▶ _Work to complete_: Set down word for word each line from the one containing "You then have" through the end of the records, both included. Do not copy any pictures.

********************

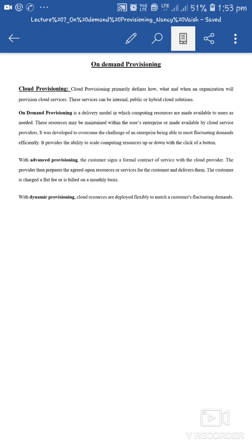On-demand provisioning is a good concept — जब भी हमें जरूरत है हम अपने resources use कर सकते हैं, जब जरूरत नहीं है तो use नहीं करते. Extra resources के लिए pay करने से ज़्यादा cost लगता है, इसलिए जितने resources use करने हैं उतने के लिए ही pay करते हैं, उतने ही समय के लिए.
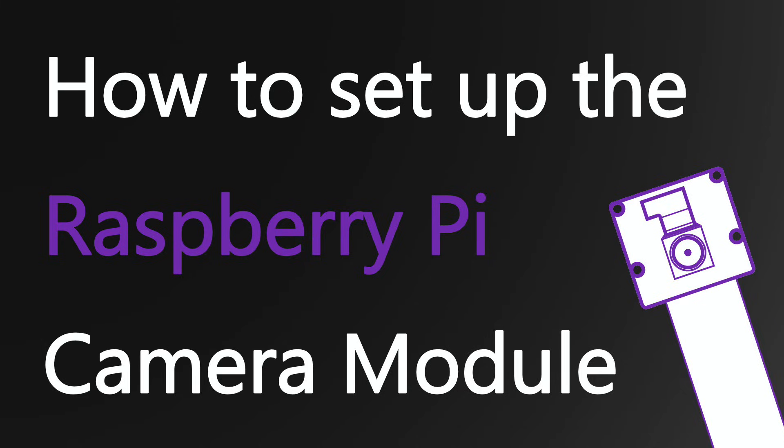So that's it for today. Your Raspberry Pi Camera should now be fully functional. If you want to see some other cool videos all around the Raspberry Pi, then don't forget to like this video and subscribe to our channel, as we are going to upload videos on a weekly basis.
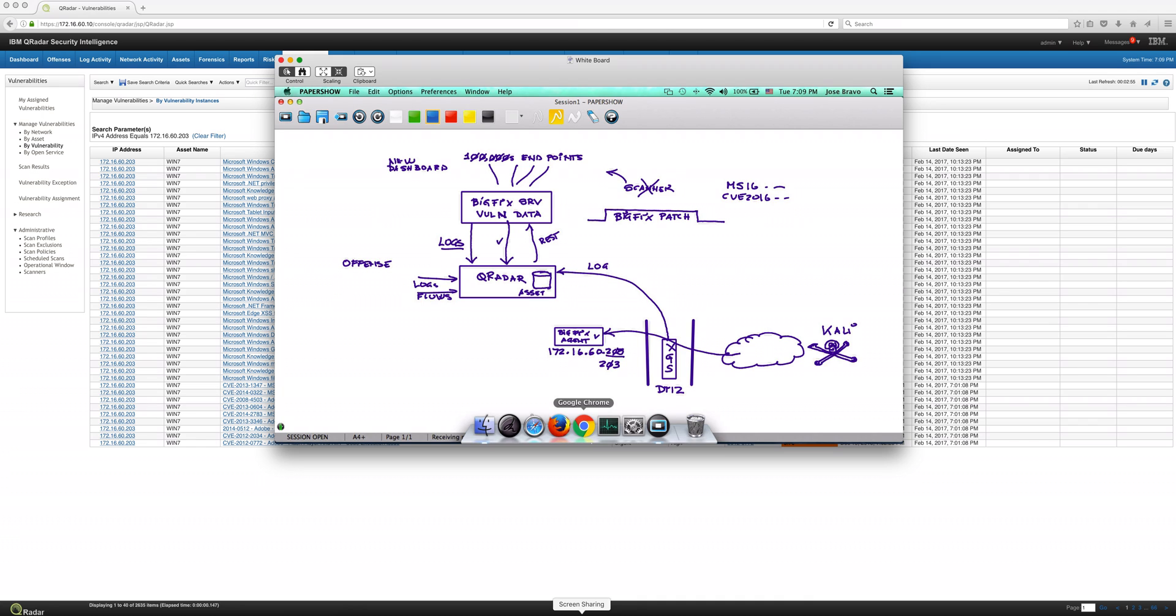But then automatically, I'm going to be sending to that new dashboard an updated view. In our case, we put a policy in the risk manager component of vulnerability manager that is actually going to increase 100 percent the risk score of a vulnerability.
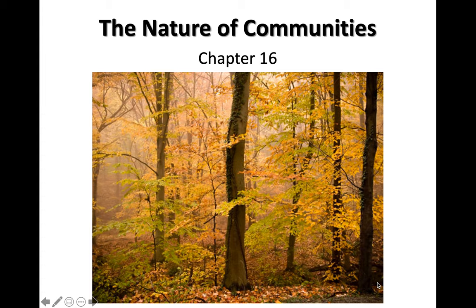Welcome everybody. This is chapter 16. Today we're going to start our discussion on ecological communities.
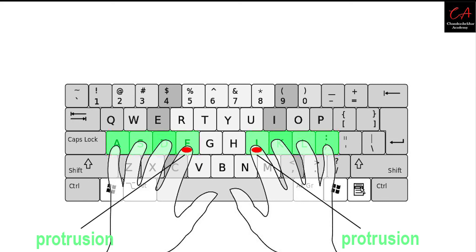For right hand, put your index finger to letter J, middle finger to letter K, ring finger to letter L, pinky finger to semicolon.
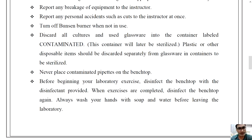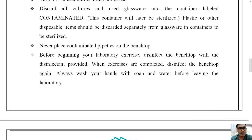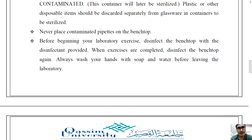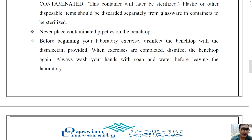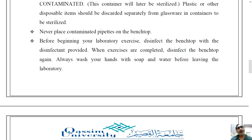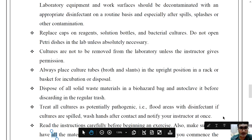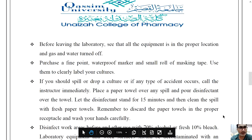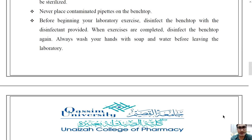Never place a contaminated pipette on the bench top, otherwise your bench can become contaminated and other people can get infected. Before beginning your laboratory exercise, disinfect the bench top with the disinfectant provided. Whenever you are working, the table must be cleaned properly with the disinfectant, and once you finish your exercise, clean it again with the same disinfectant.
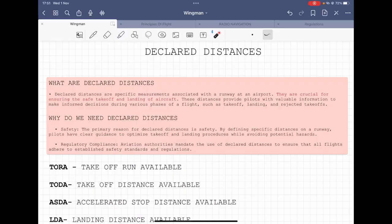Hello aviation aspirants, welcome back to Wingman. Today we'll be talking about declared distances — in other words, TORA, TODA, ASDA, landing distance available, etc. These are important and crucial for the safety of takeoff and landings of an aircraft.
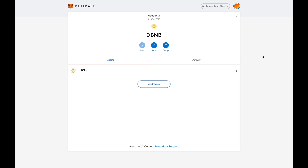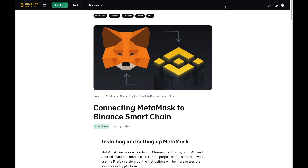In this video, I'm going to quickly show you how you can add Binance Smart Chain tokens on MetaMask. The very first thing you'll need to do is set up Binance Smart Chain on MetaMask. I'll leave a link below to a tutorial guide that shows you exactly what to do step by step, so check that out and do that first before adding tokens.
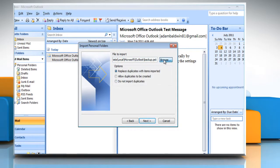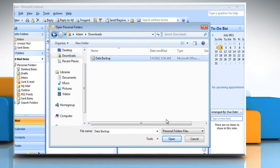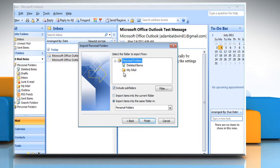Type the path and the name of the .pst file that you want to import and click Next. Select the folder that you want to import. Click Finish.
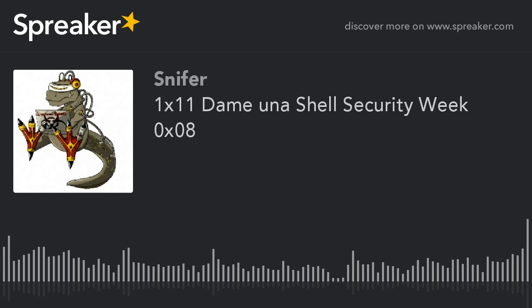Hola a todos, bienvenidos a este nuevo podcast de Damina Shell, del cual les abordaremos otro Security Week. Bienvenidos a todos, comenzamos.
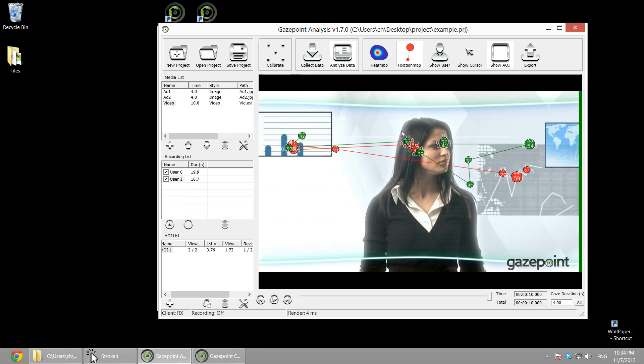Very simple. Hardly any learning curve whatsoever. And it's a great way to get started with eye tracking and do these powerful eye tracking studies.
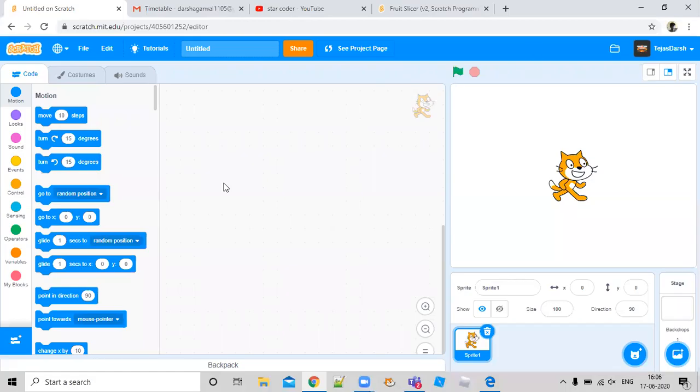Hi guys, today we are going to create a Fruit Ninja clone on Scratch. So let's begin.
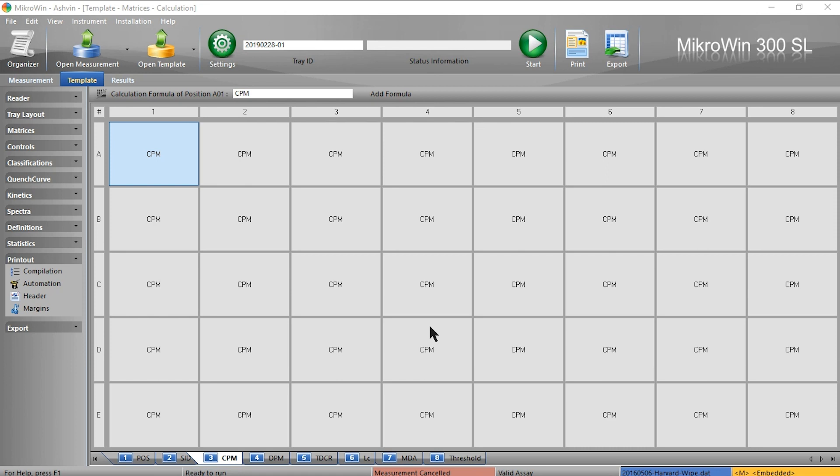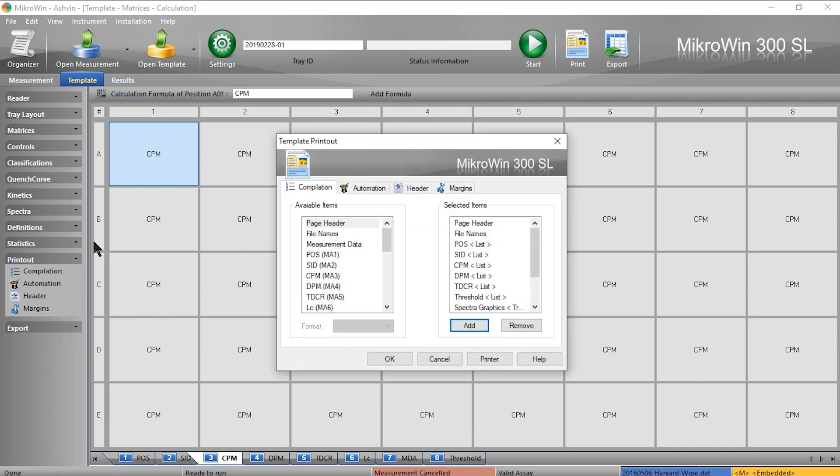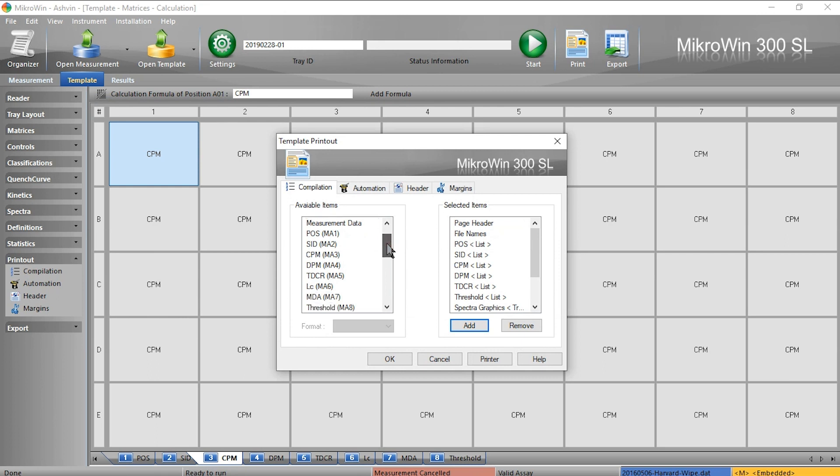We can select this option by going to template printout compilation. In compilation I can select which data I want to print out. The left hand side is all of the available calculated data that we have in our tabs or matrices, and on the right hand side is just what I currently have selected to print out.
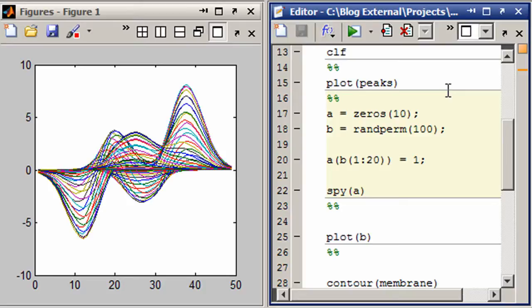And then I'm just going to grab the first 20 or however many I need out of that random permutation and fill them with ones.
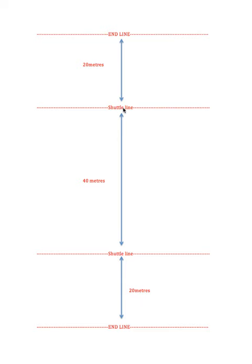You then have to do a 20 metre runoff. You can jog, touch this line with your hand or your foot, and then return and wait on this line here.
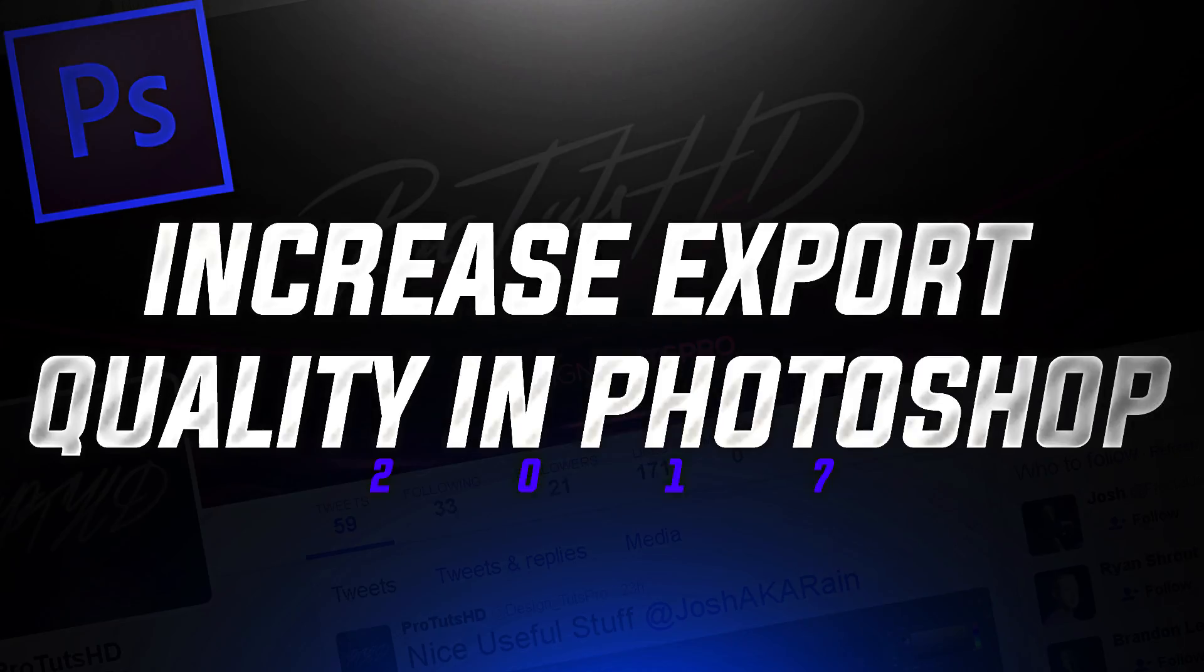Welcome guys to ProTuts HD and today I want to show you guys how to export in high quality in Adobe Photoshop.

********************

▶ _Answer space_:
You then have to do a 20 metre runoff. You can jog, touch this line with your hand or your foot, and then return and wait on this line here.
Welcome guys to ProTuts HD and today I want to show you guys how to export in high quality in Adobe Photoshop.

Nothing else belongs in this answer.